# Source data

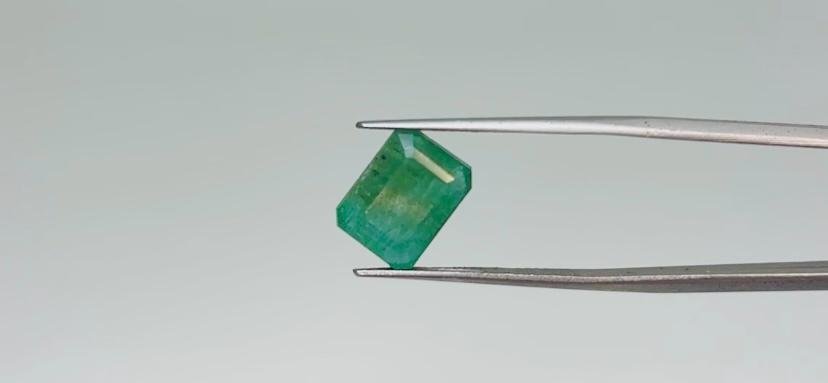 ZAMBIAN EMERALD - 4.1 CARAT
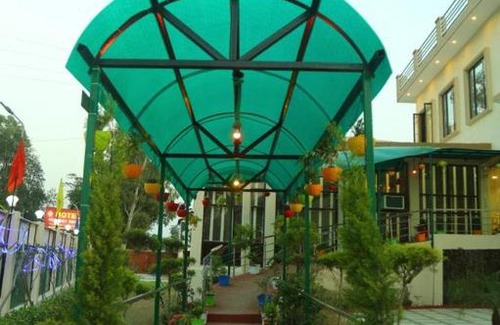 Paonta Sahib Hotel | HOTEL HOLIDAY RESORT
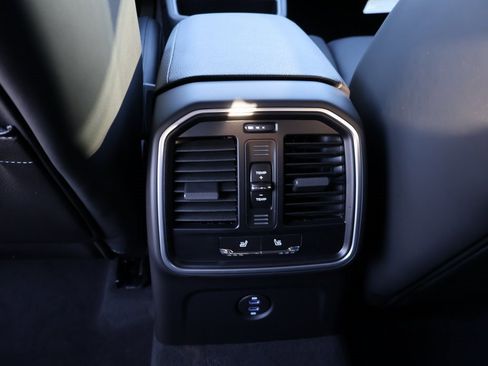 New 2026 Porsche Macan image 21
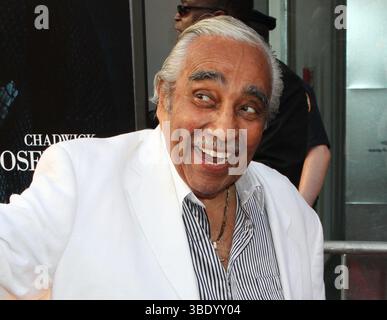 **FOTO FILE** Charles Rangel è morto. Il deputato Charles Rangel partecipa alla prima di "Get On Up" della Universal Pictures all'Apollo Theater di New York il 21 luglio 2014. Foto di Henry McGee/MediaPunch Foto Stock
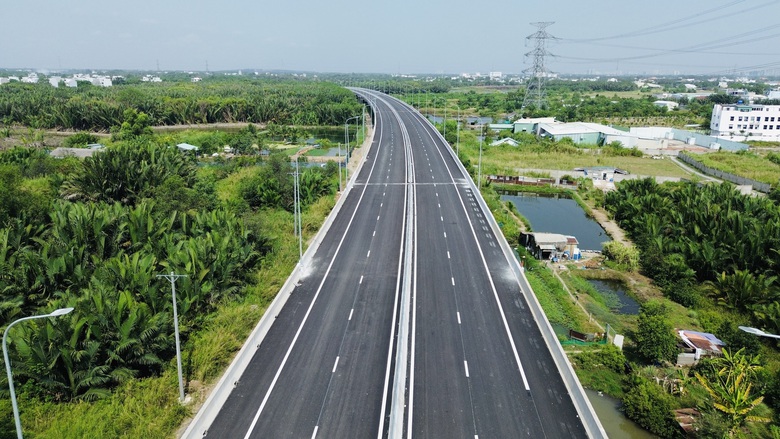 18h hôm nay thông xe hai đoạn cao tốc Bến Lức - Long Thành, tài xế cần lưu ý gì?- Ảnh 2. 18h hôm nay thông xe hai đoạn cao tốc Bến Lức - Long Thành, tài xế cần lưu ý gì?- Ảnh 2.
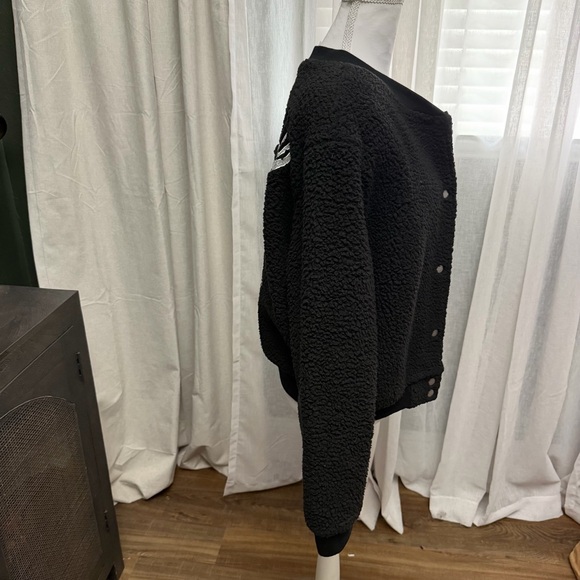 Victoria's Secret Hawaii Sherpa Letterman Jacket Size S - Picture 4 of 8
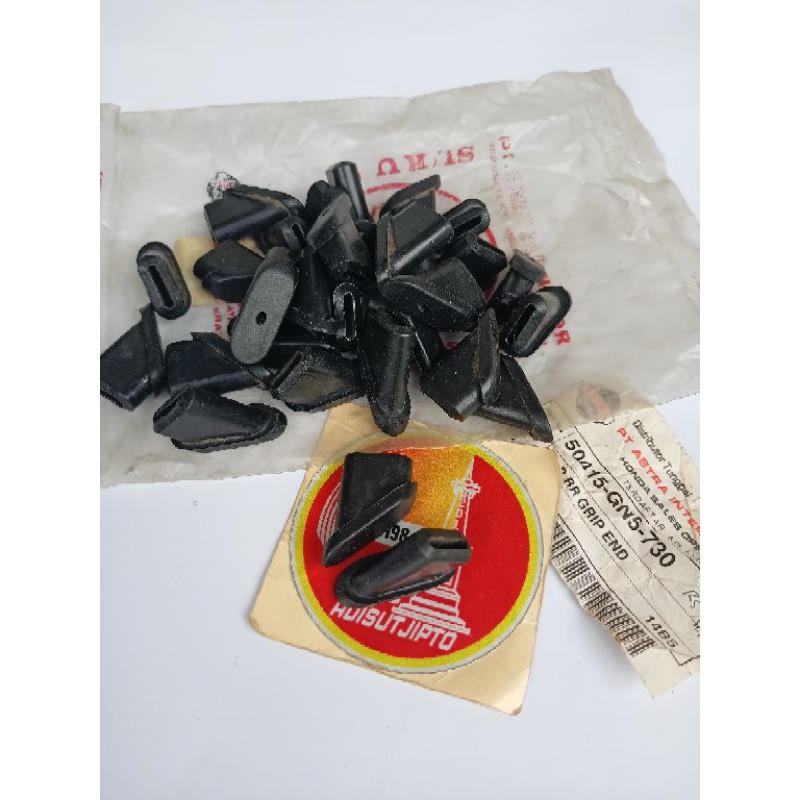 karet tutup behel grand bulus 91 92 original karet behel grand bulus 91/92 original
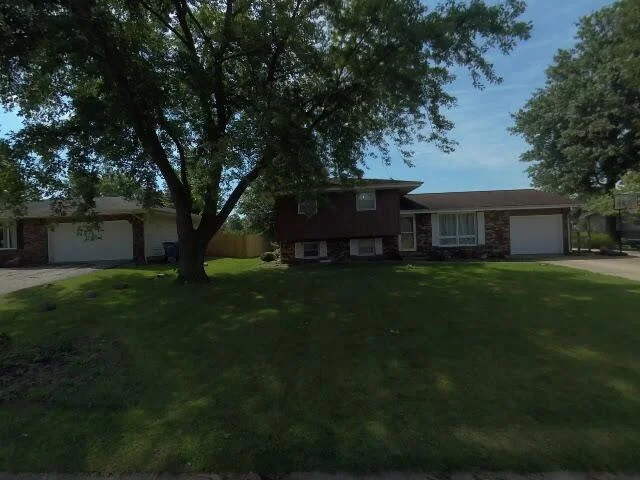 House image located at Lexington, IL 61753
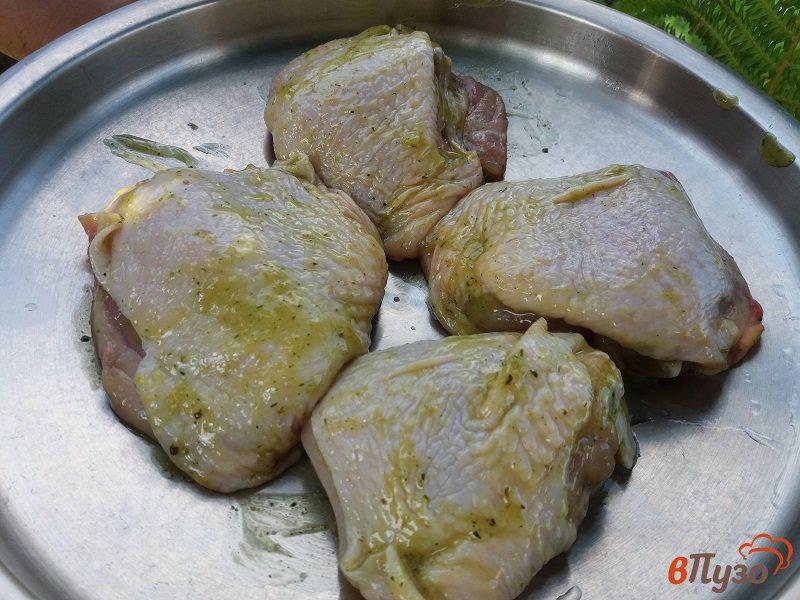 Фото приготовление рецепта: Куриные бёдра  гриль на мангале шаг №1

# Task
In the data above, the line containing "Paonta Sahib Hotel | HOTEL HOLIDAY RESORT" and all lines after it are to be reproduced exactly, leaving out the pictures.

# Written response
 Paonta Sahib Hotel | HOTEL HOLIDAY RESORT
 New 2026 Porsche Macan image 21
 **FOTO FILE** Charles Rangel è morto. Il deputato Charles Rangel partecipa alla prima di "Get On Up" della Universal Pictures all'Apollo Theater di New York il 21 luglio 2014. Foto di Henry McGee/MediaPunch Foto Stock
 18h hôm nay thông xe hai đoạn cao tốc Bến Lức - Long Thành, tài xế cần lưu ý gì?- Ảnh 2. 18h hôm nay thông xe hai đoạn cao tốc Bến Lức - Long Thành, tài xế cần lưu ý gì?- Ảnh 2.
 Victoria's Secret Hawaii Sherpa Letterman Jacket Size S - Picture 4 of 8
 karet tutup behel grand bulus 91 92 original karet behel grand bulus 91/92 original
 House image located at Lexington, IL 61753
 Фото приготовление рецепта: Куриные бёдра  гриль на мангале шаг №1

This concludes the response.